In order to maintain the contention of complainants herein, the facts must bring the case within the rule concerning precatory trusts. Tersely stated, that rule requires: (1) That the words used must be such that it shall appear from them that they were intended in an imperative sense. (2) The subject of the recommendation or wish must be certain. (3) The object thereof must be certain.

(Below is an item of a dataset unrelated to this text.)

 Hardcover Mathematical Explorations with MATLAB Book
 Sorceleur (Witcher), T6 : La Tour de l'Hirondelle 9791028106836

It is the contention of complainants that all of these elements exist in the clause of the will relied on. In support of their position, complainants cite, among other cases, the case of Smith v. Bell, 6 Pet. 68, 8 L.Ed. 322 decided by Chief Justice Marshall in 1832. The facts were as follows, viz.: The testator gave to his wife all his personal estate 'to and for her own use and benefit and disposal absolutely, the remainder of said estate after her decease, to be for the use of the said Jesse Goodwin,' a son of testator. (In Campbell v. Beaumont, 91 N.Y. 468, 469, and Fox's Appeal, 99 Pa. 382, the doctrine of this case is questioned.) It will be noticed that the wording in this case is not a request or wish, but a plain and strong statement, that the remainder is to be for the use of the son. This claim is just as peremptory as that pertaining to the wife. It would seem that, if there ever was a case where the use of the word 'absolutely' should not be given its strict sense, this is the case. The intention of the testator is apparent. The subject-matter involved consisted of shares, in regard to which the court says it is 'a species of property not consumed by the use, and in regard to which a remainder may be limited after a life estate. ' The court also says: 'The testator unquestionably intended to...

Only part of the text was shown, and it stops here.